Creating a Multiple Choice Quiz System with CGI
Over the last few months, we have looked at a number of techniques that CGI programmers can use to work on their programs. This month, we will look at a multiple-choice quiz system that uses a combination of techniques to create a simple, but effective, system for creating quizzes for our users. By the end of this short project, you will have not only a good idea of how to implement this type of interaction, but a working four-question quiz, as well.
Before we can begin, we will need to decide on a file format which will contain the questions and answers for our quiz. We could put all of the questions and answers inside of the program itself, but moving them to one or more external files will let us reuse the software with other quizzes on our system. Given that this is a simple quiz, let's say that the questions and answers for each quiz are stored in a file whose name is the same as the quiz name. Thus the quiz named “presidents” will be stored in a file named “presidents”, while the quiz named “unix” is stored in a file named “unix”.
Now that we have decided on filenames, we need to decide on a format for the contents of the file. Let's take the easy route, and put one question and its associated possible answers on each line in the file, each separated by tabs, and ending with the letter “a”, “b”, “c” or “d”, that corresponds to the correct answer.
So that the file can contain comments and whitespace, we'll say that any line beginning with a hash mark (#) is considered a comment, to be ignored. The same goes for any line consisting solely of whitespace. Allowing for comments and whitespace makes it possible for us to comment out questions that we no longer want to use, without having to delete them altogether.
Here is a sample quiz on the subject of cranberries, which we will put in a file named, oddly enough, “cranberries”:
# This is the quiz file about cranberries.
# Comment lines contain a hash mark (#) in the # first column, and are ignored, as are lines # containing only whitespace.
What color are cranberries? Red White\
Blue Dark green A
What can you make with cranberries? Muffins\
Sauce Steak A and B D
Note that the questions and answers in this file can contain space characters, but not tab characters. This will typically not affect things very much, but it is a consideration to keep in mind. Also, while each line can be as long as needed, the question and its associated answers must remain on a single line of text (that is, must end in a carriage return).

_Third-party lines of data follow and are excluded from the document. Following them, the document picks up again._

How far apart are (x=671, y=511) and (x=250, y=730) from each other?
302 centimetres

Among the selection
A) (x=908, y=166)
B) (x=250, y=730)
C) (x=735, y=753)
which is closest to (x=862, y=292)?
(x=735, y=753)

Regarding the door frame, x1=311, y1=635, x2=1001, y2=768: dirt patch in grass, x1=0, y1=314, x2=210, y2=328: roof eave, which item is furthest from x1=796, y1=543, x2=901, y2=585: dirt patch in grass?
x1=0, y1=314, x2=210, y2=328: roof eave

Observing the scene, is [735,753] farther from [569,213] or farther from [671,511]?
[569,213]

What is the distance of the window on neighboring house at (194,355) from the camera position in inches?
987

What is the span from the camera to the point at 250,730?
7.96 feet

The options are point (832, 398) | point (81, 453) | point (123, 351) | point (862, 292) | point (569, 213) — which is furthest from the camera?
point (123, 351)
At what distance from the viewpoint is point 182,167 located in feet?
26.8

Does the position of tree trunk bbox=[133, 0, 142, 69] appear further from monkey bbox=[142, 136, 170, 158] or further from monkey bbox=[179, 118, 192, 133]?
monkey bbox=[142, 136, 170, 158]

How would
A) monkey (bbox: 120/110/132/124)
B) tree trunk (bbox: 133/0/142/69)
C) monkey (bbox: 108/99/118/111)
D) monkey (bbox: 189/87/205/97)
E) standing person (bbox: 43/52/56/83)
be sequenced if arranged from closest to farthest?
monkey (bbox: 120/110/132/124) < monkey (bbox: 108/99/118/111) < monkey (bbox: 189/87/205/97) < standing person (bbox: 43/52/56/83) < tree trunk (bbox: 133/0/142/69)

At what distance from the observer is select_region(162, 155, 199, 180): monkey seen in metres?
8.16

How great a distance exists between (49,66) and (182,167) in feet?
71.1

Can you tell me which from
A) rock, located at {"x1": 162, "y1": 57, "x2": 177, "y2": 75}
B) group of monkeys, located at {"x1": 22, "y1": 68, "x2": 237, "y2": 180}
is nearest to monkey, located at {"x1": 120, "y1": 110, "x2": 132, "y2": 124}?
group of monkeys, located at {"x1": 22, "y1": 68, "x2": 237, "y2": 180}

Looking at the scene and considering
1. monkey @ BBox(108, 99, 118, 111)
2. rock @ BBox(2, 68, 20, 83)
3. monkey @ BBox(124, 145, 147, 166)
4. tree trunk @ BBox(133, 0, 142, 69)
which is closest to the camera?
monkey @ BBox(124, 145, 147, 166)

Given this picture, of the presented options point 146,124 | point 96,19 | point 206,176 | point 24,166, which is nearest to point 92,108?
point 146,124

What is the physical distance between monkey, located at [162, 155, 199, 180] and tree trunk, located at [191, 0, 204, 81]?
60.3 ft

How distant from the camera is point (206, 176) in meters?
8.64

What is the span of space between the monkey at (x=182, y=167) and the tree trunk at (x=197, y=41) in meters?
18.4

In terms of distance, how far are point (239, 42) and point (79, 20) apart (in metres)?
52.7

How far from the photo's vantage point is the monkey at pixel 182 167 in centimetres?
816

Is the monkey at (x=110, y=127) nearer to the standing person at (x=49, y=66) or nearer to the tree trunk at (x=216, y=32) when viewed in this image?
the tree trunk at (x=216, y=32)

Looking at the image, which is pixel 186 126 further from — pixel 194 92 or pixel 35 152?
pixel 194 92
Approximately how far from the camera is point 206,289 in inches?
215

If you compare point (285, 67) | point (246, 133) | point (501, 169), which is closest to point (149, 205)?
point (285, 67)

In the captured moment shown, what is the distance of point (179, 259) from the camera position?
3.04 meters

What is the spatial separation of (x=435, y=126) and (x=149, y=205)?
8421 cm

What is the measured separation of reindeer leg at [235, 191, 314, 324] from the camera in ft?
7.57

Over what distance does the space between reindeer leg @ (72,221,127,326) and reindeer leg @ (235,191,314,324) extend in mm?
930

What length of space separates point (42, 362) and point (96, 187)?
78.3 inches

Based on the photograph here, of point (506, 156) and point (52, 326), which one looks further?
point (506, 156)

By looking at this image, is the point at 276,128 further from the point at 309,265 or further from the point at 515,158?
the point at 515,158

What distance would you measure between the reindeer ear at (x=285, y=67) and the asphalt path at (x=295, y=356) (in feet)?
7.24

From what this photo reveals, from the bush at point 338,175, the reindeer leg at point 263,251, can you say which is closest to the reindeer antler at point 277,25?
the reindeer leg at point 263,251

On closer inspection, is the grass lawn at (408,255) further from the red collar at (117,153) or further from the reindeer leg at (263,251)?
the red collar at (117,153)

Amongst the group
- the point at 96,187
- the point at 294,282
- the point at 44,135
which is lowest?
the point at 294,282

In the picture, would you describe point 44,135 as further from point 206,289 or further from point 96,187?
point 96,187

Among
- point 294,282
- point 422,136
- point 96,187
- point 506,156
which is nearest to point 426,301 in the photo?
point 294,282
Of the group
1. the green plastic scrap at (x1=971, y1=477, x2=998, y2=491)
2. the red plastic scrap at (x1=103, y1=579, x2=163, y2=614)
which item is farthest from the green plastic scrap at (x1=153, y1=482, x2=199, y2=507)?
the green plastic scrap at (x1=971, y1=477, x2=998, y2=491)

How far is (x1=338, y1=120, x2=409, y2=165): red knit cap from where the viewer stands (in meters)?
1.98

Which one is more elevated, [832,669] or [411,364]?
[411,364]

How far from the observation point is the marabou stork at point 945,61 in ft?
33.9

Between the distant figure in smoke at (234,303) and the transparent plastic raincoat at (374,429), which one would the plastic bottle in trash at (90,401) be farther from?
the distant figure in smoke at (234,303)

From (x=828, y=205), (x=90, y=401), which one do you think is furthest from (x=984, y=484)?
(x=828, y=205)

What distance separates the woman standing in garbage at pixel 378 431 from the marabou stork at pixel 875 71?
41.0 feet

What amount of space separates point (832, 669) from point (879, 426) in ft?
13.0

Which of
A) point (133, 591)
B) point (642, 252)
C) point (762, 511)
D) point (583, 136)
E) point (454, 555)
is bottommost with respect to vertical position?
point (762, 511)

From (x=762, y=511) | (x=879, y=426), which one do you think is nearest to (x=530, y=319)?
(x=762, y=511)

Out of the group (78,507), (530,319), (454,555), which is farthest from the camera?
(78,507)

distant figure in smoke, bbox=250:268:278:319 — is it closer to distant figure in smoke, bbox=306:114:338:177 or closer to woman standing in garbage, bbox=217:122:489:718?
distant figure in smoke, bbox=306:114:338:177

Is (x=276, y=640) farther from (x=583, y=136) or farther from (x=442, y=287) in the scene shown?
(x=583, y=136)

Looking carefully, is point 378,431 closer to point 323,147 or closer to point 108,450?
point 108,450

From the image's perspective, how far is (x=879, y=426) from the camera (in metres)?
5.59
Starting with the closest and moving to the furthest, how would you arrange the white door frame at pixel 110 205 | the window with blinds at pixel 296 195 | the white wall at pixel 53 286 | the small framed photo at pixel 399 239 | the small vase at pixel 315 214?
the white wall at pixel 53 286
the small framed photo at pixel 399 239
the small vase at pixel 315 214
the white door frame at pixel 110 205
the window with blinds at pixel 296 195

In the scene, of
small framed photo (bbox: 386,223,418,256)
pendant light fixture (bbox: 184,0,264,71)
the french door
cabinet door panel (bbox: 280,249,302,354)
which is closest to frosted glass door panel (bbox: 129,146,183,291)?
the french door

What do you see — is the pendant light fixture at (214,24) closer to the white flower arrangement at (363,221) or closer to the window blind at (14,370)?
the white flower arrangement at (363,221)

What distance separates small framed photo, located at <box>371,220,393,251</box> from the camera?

Our quiz program actually consists of two different programs working in concert with each other. The first, askquestion.pl, produces an HTML form that presents the user with a question and a list of possible answers. That form will be submitted to another CGI program, checkanswer.pl, which determines whether the user has selected the correct answer.
Because both of these CGI programs will have to access the same quiz file, it is probably a good idea to centralize such functions in a single Perl 5 object. Such an object would have to read the file and return a question of our choosing from the list of available questions. To make things a bit more interesting, this object should include a method that retrieves a random question from the file, which makes the quiz less predictable for the user.
The object that we will use in our quiz program is shown in Listing 1. All this code means is that you can place a:
use QuizQuestions;
statement near the top of both CGI programs to create a Perl object that reads the questions to the “cranberries” quiz. To do this, you can use this statement:
my $quiz = new QuizQuestions("cranberries");
For example, you could retrieve the fifth question with:
my @question = $quiz->getQuestion(5);or a random question with:
my @question = $quiz->getRandomQuestion;As you can see, the QuizQuestion object in Listing 1 has nothing to do with CGI programming per se. Even if we were creating a quiz system that wouldn't be used on the Web, this object would be a good starting point. By using an object to represent our data, we have also made it possible to change the file format we are using without modifying the CGI programs that access the data. If we were so inclined, we would be able to move the quiz data into an SQL table, and access it via a database client from within Perl. As long as the interface to the outside world remains the same, our CGI programs wouldn't care.